Despite the seeming parity in performance across training conditions at the start and at the end of training, the question that we began with was: If participants were probed at a random time during the training period, what would their average recall level over the entire period be? To measure this directly would require an impractical experiment in which participants would be probed at very fine intervals throughout the training period. Although we did not do that, the data collected allowed us to estimate the accessibility of the learned information while relying only on well-grounded and fairly minimal assumptions about the learning and forgetting processes.

We assume that forgetting between sessions follows a generalized power function (Wixted & Carpenter, 2007). Because items were practiced three times within a session, we know that the final practice trial (a test followed by feedback/study) should boost recall higher than the level of performance observed on the test itself, but we do not know by precisely how much. A conservative heuristic used for estimating the gain from the final practice trials within each session is described in the supplementary materials. Given this estimate of recall proportions at the end of a session, along with the recall proportions at the first test of the next session, two constraints were imposed on the forgetting function. Because the generalized power-law forgetting function has three parameters, two constraints were insufficient, yielding some residual uncertainty as to the shape of the forgetting function. In Fig. 2, we have represented this uncertainty by sampling 250 curves that are consistent with the initial and final points of the forgetting function. The faint colored areas around lines represent these samples. The solid line superimposed over each set of faint lines is the expectation of the samples. The sampling and fitting procedures are described in detail in the supplementary materials.

Fig. 2
figure 2

Interpolation of recall performance over the entire experiment. The training phase lasted from Days 1 to 28. The expanding and equal-interval conditions are depicted by solid and dashed lines, respectively. The squares and triangles indicate the observed mean recall performance in the expanding and equal-interval conditions, respectively. As is explained in the text, the faint lines represent uncertainty in the shapes of the forgetting curves

The conclusions are quite clear, as can be seen in Fig. 2: The area under the expanding-interval curve is greater than the area under the equal-interval curve. Quantitative measures were consistent with the visual impression: The mean estimated recall proportion over the Day 1–28 period was .51 for the expanding condition, but only .43 for the equal-interval condition. This difference was reliable when we treated the sampled forgetting functions as the random variable, t(498) = 83.7, p < .0001.Footnote 2

Arguably, a better measure of reliability would be to treat subjects as the random variable. We interpolated forgetting curves for each subject using the methodology described in the supplementary materials, and once again we found a reliable improvement for the expanding over the equal-interval condition (.49 vs. .41), t(36) = 3.65, p < .001. Further statistical analysis confirming that the expanding condition yielded greater average accessibility can be found in the supplementary materials.

Discussion

Spaced retrieval practice has been shown to benefit long-term retention, but the best way to schedule or distribute the retrieval attempts when there are multiple opportunities to practice retrieval has been subject to long-running debate. Two contenders have emerged: In an expanding schedule, retrieval is attempted soon after initial study, followed by subsequent retrieval attempts that occur after progressively longer delays; in an equal-interval schedule, the first retrieval attempt occurs only after some delay, and the interval between successive retrieval attempts is uniform. Proponents of expanding schedules have argued that these ensure successful retrieval on the first attempt, which strengthens the memory, and in turn allows for successive retrieval attempts to occur at longer and longer delays, thus maximizing the memory enhancement of each retrieval opportunity (Landauer & Bjork, 1978). But several studies have shown an expanding schedule to be inferior to equally spaced practice when retention is assessed after a long delay, and some critics have suggested that having the first retrieval occur so soon after initial study obviates the benefits of retrieval, in essence causing that retrieval attempt to be wasted (Karpicke & Roediger, 2007).

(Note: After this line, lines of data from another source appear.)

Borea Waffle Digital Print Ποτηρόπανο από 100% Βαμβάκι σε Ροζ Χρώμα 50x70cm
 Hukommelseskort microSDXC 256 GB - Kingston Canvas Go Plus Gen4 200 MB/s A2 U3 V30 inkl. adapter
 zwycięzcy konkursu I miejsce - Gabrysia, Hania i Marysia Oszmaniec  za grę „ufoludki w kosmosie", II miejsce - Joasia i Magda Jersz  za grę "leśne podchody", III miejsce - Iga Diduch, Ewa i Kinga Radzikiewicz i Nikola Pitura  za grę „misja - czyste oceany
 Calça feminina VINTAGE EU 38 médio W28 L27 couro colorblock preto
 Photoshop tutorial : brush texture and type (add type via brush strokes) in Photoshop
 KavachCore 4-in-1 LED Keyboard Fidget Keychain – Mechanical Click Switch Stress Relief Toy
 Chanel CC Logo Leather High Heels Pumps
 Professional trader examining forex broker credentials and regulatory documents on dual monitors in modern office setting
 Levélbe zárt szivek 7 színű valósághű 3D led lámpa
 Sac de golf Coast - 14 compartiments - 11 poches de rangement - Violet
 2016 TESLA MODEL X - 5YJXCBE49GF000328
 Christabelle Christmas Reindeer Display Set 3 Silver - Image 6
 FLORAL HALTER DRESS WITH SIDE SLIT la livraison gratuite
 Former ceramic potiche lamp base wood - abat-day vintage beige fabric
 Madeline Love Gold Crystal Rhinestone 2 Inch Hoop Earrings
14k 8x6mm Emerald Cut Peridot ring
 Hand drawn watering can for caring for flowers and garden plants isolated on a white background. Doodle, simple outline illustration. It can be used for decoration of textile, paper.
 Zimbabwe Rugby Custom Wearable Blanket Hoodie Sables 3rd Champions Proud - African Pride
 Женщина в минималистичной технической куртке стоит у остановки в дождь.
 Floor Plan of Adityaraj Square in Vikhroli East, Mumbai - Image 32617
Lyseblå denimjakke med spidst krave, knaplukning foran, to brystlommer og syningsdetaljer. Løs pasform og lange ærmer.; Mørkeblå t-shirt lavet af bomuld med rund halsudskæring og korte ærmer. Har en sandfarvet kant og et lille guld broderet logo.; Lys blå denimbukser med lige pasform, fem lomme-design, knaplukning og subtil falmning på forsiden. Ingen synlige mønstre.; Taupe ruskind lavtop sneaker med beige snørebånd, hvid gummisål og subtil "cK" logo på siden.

Although these previous studies have uncovered factors that may modulate the relative effectiveness of expanding versus equal-interval schedules, we argued above that they are rather limited in practical relevance, due to generally having training confined within only a single session. Spaced retrieval practice has obvious applications in the fields of education and training (e.g., Dempster, 1991), but it is unclear whether the existing findings from the laboratory would generalize at all to cases in which review of the material occurs over a longer period of time. In addition, prior research has focused primarily on criterial performance on a final test. But in the context of training that is spread out over a long span of time, it is as important—if not more so—to consider performance during training as a metric of efficacy.

In the present experiment, we examined the relatively efficacy of expanding and equal-interval retrieval practice for the learning and retention of foreign vocabulary, with retrieval practice occurring in sessions that were separated by days (over a span of 4 weeks). When considering the average amount of information that was accessible over the training phase, practice with an expanding schedule was clearly advantageous. Moreover, when memory was assessed 8 weeks after the last session of training, recall performance was not worse (and was actually slightly better) in the expanding than in the equal-interval condition. The final test data assures us that the more rapid acquisition in the expanding condition was not accompanied by more rapid forgetting (cf. Karpicke & Roediger, 2007; Logan & Balota, 2008).

Our findings suggest that when retrieval practice is spread out over days or weeks, scheduling the review sessions in an expanding fashion produces better average performance than does equal-interval spacing over the training period. Expanding practice not only produces faster acquisition and greater access to the material over the training period, it was even observed to slightly retard forgetting over the long term, too.

Prevailing theories of spaced practice have generally not focused directly on the maintenance of information in memory (i.e., resistance of the memory trace to interference or forgetting; Küpper-Tetzel & Erdfelder, 2012). For instance, encoding variability theory focuses on retrieval processes—overlaps in encoding and retrieval contexts serve as effective retrieval cues. Study-phase retrieval theory, on the other hand, focuses on encoding processes—an optimal lag between initial study and review is one that yields effortful but successful study-phase retrieval, which leads to superior re-encoding of the information. Thus, these theories do not make specific predictions about the schedule of spaced practice that would produce superior accessibility to the information that is being learned over a lengthy training period. The present study was not designed to adjudicate between theories of spaced practice, but the results seem especially congenial to the idea of study-phase retrieval benefiting learning. The advantage of the expanding schedule can, in part, be explained by the early review sessions occurring relatively soon after initial study (yet separated by days, thus allowing a higher probability of successful but effortful retrievals than the early review sessions in the equal-interval practice condition), accompanied by the later review sessions spread relatively farther apart (to foster effortful retrieval). The results of the present study, however, are not entirely consistent with encoding variability theory: The close spacing of early sessions would not seem to be optimal for the encoding of material in diverse contexts. The multiscale context model (Mozer, Pashler, Cepeda, Lindsey, & Vul, 2009), a computational model of memory accessibility that incorporates assumptions of encoding variability, study-phase retrieval, as well as predictive utility (Staddon, Chelaru, & Higa, 2002), provides a good fit for the present data (see the supplementary materials for more details).

Future research might profitably examine a number of questions. Although the differences in overall performance found here were sizable, the overall level of performance was rather low. It will be interesting to see whether the advantage of the expanding schedule could remain if people were trained to a high criterion of success in the initial session. Another important question is whether the present findings would scale up to time periods of years instead of months. Given that spacing effects with two sessions have been found to scale up with increases in the time intervals involved (Cepeda et al., 2009), it seems plausible that they would—but establishing this point will require additional empirical work.